U beperkt SSH- en Telnet-toegang door een firewallfilter te maken, dat het verkeer op een specifieke interface regelt, bepaalt wat moet worden toegestaan en wat moet worden weggegooid. Een filter maken is een proces in twee delen:
-
U definieert de filtergegevens.
-
U past het filter toe op een routerinterface.
Als u nu de toegang tot de router wilt regelen, moet u deze beperkingen normaal gesproken toepassen op elke interface, omdat u via elke interface contact kunt opnemen met de router. Om het je echter gemakkelijker te maken, kun je met Junos OS firewall-filters toepassen op de loopback-interface (lo0).
Firewall-filters toegepast op de lo0-interface beïnvloeden alle verkeer dat is bestemd voor het besturingsvlak van de router, ongeacht de interface waarop het pakket is aangekomen. Dus om de SSH- en Telnet-toegang tot de router te beperken, past u het filter toe op de lo0-interface.
Het filter dat wordt weergegeven in het volgende proces wordt limit-ssh-telnet , genoemd en heeft twee delen of termen. Het Junos-besturingssysteem evalueert achtereenvolgens de twee termen. Verkeer dat overeenkomt met de eerste termijn, wordt onmiddellijk verwerkt en verkeer dat faalt, wordt geëvalueerd door de tweede term. Hier is hoe het proces werkt:
-
De eerste term, limit-ssh-telnet, zoekt alleen naar SSH- en Telnet-toegangspogingen van apparaten op het 192. 168. 0. 1/24 subnetwerk.
Pakketten komen alleen overeen met deze term als de IP-header een bestemmingsadres van 192 bevat. Voorvoegsel 168. 0. 1/24, de IP-header geeft aan dat het pakket een TCP-pakket is en dat de TCP-pakketkop aangeeft dat verkeer is op weg naar de bestemmingshavens van SSH of Telnet.
Als aan al deze criteria is voldaan, is de actie van het filter om de toegangspoging en het verkeer te accepteren:
[firewall bewerken] fred @ router # filterlimiet instellen-ssh-telnet term-toegangstermijn vanaf bronadres 192. 168. 0. 1/24 [bewerk firewall] fred @ router # stel filterlimiet in - ssh-telnet term toegangstermijn van protocol tcp [bewerk firewall] fred @ router # stel filter limiet in - ssh-telnet term toegangsperiode van bestemming -port [ssh telnet] [bewerk firewall] fred @ router # stel filterlimiet in - ssh-telnet term toegangsperiode en accepteer
-
De tweede term, block-all-else genaamd, blokkeert alle verkeer dat niet voldoet aan de criteria in stap 1.
U kunt deze stap uitvoeren met een eenvoudige weigeropdracht.
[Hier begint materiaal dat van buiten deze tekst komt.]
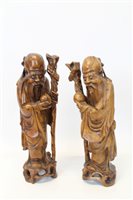 Lot 3559 - Pair Oriental carved hardwood figures of Shou...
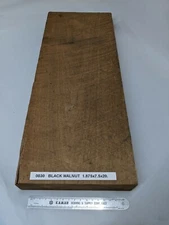 Black walnut plank 1-7/8" x 7-1/2 x 20". Rough sawn & sanded. 50 years of patina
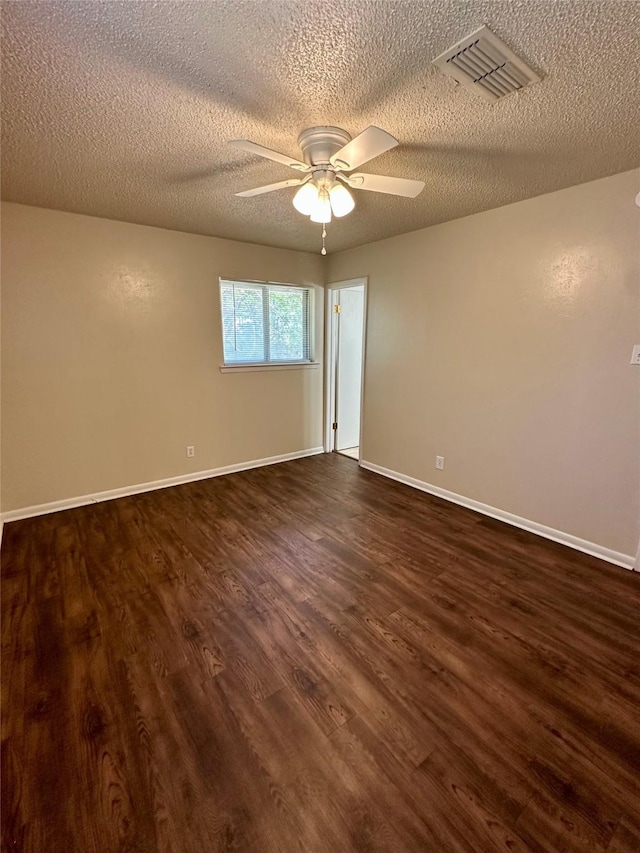 unfurnished room featuring dark wood finished floors, visible vents, a ceiling fan, and a textured ceiling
Deze term bevat geen overeenkomende criteria, dus wordt deze standaard toegepast op alle verkeer dat de eerste term niet haalt:
[firewall bewerken] fred @ router # filterbeperking instellen-ssh-telnet term blokkeren-alle-else term weigeren
U moet de mislukte pogingen om toegang te krijgen tot de router volgen, zodat u kunt bepalen of een gecoördineerde aanval onderweg is. De Block-All-else-term telt het aantal mislukte toegangspogingen. De eerste opdracht in het volgende voorbeeld houdt deze pogingen bij in een teller met de naam slechte toegang, het loggen van het pakket en het verzenden van informatie naar het syslog-proces.
[bewerk firewall] fred @ router # set filter limiet-ssh-telnet term block-all-else term count slechte toegang [edit firewall] fred @ router # set filter limiet-ssh-telnet term block-all-else term count log [edit firewall] fred @ router # set filter limiet-ssh-telnet term block-all-else term count syslog
Het maken van een filter is de helft van het proces. De tweede helft moet worden toegepast op een routerinterface, in dit geval op de loopback-interface van de router, lo0:
[bewerk interfaces] fred @ router # set lo0 unit 0 familie inet filterinvoerlimiet-ssh-telnet
U past het filter toe als een invoerfilter, wat betekent dat het Junos-besturingssysteem het toepast op al het inkomende verkeer dat is bestemd voor het besturingsvlak.